◆ Work order ◆
The listing that follows must be retyped exactly, without its pictures.

◆ Data excerpt ◆
.....

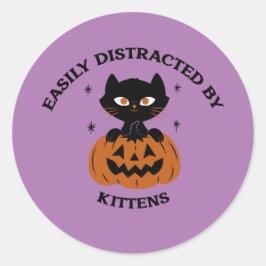 Halloween fest-klisterkatt runt klistermärke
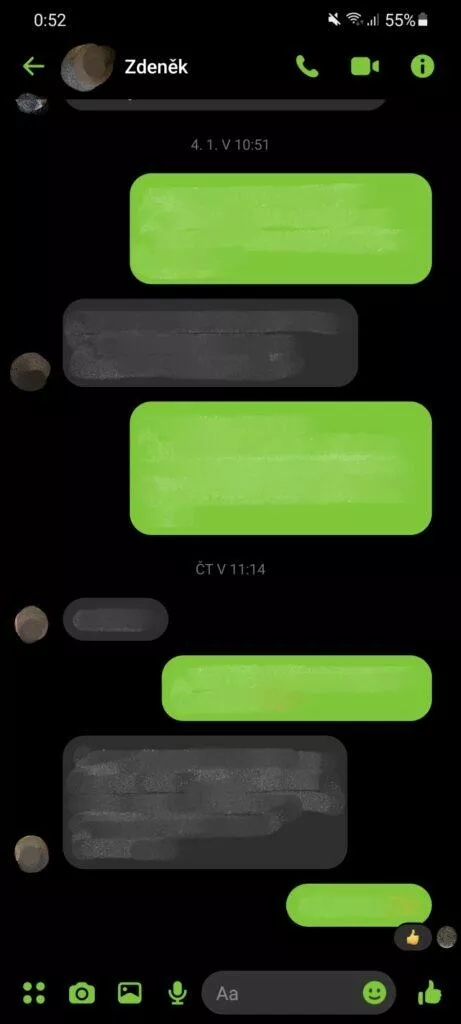 jak změnit barvu Messenger chatu nový vzhled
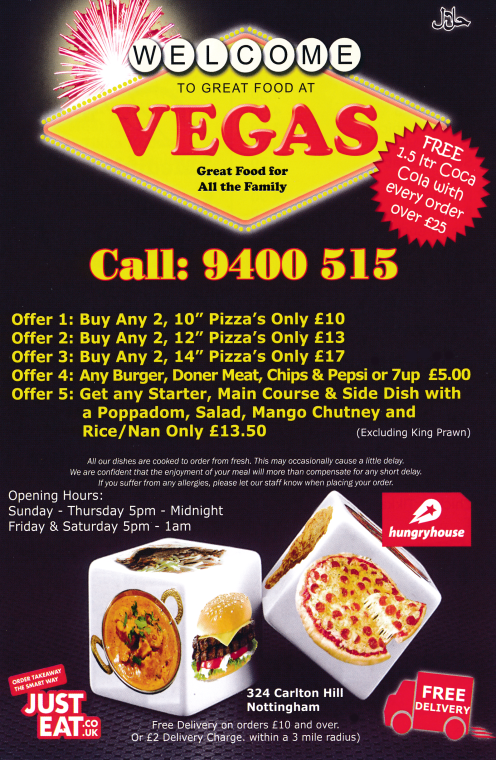 Menu for Vegas; curries, pizzas and fast food takeaway in Carlton, Nottingham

.....

◆ Exercise answer ◆
 Halloween fest-klisterkatt runt klistermärke
 jak změnit barvu Messenger chatu nový vzhled
 Menu for Vegas; curries, pizzas and fast food takeaway in Carlton, Nottingham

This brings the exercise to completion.